##### Input material #####

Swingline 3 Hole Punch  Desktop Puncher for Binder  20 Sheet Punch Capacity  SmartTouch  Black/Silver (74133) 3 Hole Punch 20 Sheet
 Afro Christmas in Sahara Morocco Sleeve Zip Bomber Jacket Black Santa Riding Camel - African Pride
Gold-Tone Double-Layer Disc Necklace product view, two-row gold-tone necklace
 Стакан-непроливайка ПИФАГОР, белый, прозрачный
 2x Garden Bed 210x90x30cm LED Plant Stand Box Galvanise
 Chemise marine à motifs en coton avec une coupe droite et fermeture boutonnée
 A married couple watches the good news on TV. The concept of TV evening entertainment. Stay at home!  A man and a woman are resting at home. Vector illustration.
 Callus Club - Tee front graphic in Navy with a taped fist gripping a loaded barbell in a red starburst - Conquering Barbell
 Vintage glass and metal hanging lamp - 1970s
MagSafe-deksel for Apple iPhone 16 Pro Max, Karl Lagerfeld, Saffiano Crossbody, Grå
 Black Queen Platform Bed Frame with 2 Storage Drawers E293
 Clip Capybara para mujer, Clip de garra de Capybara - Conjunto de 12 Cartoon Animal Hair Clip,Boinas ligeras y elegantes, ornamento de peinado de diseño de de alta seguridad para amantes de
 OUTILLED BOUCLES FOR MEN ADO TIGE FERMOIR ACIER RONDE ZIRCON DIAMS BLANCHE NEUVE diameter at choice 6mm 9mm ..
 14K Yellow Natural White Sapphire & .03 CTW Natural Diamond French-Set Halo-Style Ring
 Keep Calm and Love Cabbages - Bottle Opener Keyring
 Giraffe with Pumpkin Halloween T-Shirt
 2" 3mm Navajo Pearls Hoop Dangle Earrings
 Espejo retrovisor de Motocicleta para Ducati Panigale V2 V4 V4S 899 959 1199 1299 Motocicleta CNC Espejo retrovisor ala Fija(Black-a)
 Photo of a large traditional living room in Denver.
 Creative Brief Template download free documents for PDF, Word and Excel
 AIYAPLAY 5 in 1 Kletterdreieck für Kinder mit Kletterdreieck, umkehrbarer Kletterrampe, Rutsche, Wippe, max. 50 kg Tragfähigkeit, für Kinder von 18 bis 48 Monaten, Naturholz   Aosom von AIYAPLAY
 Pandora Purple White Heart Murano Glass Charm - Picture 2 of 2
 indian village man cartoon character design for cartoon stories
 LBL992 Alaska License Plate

#####

Return exactly, and only, the lines above starting at the line that contains "A married couple" and ending at the line that contains "Photo of a large".

▶ **Answer for this exercise**:
 A married couple watches the good news on TV. The concept of TV evening entertainment. Stay at home!  A man and a woman are resting at home. Vector illustration.
 Callus Club - Tee front graphic in Navy with a taped fist gripping a loaded barbell in a red starburst - Conquering Barbell
 Vintage glass and metal hanging lamp - 1970s
MagSafe-deksel for Apple iPhone 16 Pro Max, Karl Lagerfeld, Saffiano Crossbody, Grå
 Black Queen Platform Bed Frame with 2 Storage Drawers E293
 Clip Capybara para mujer, Clip de garra de Capybara - Conjunto de 12 Cartoon Animal Hair Clip,Boinas ligeras y elegantes, ornamento de peinado de diseño de de alta seguridad para amantes de
 OUTILLED BOUCLES FOR MEN ADO TIGE FERMOIR ACIER RONDE ZIRCON DIAMS BLANCHE NEUVE diameter at choice 6mm 9mm ..
 14K Yellow Natural White Sapphire & .03 CTW Natural Diamond French-Set Halo-Style Ring
 Keep Calm and Love Cabbages - Bottle Opener Keyring
 Giraffe with Pumpkin Halloween T-Shirt
 2" 3mm Navajo Pearls Hoop Dangle Earrings
 Espejo retrovisor de Motocicleta para Ducati Panigale V2 V4 V4S 899 959 1199 1299 Motocicleta CNC Espejo retrovisor ala Fija(Black-a)
 Photo of a large traditional living room in Denver.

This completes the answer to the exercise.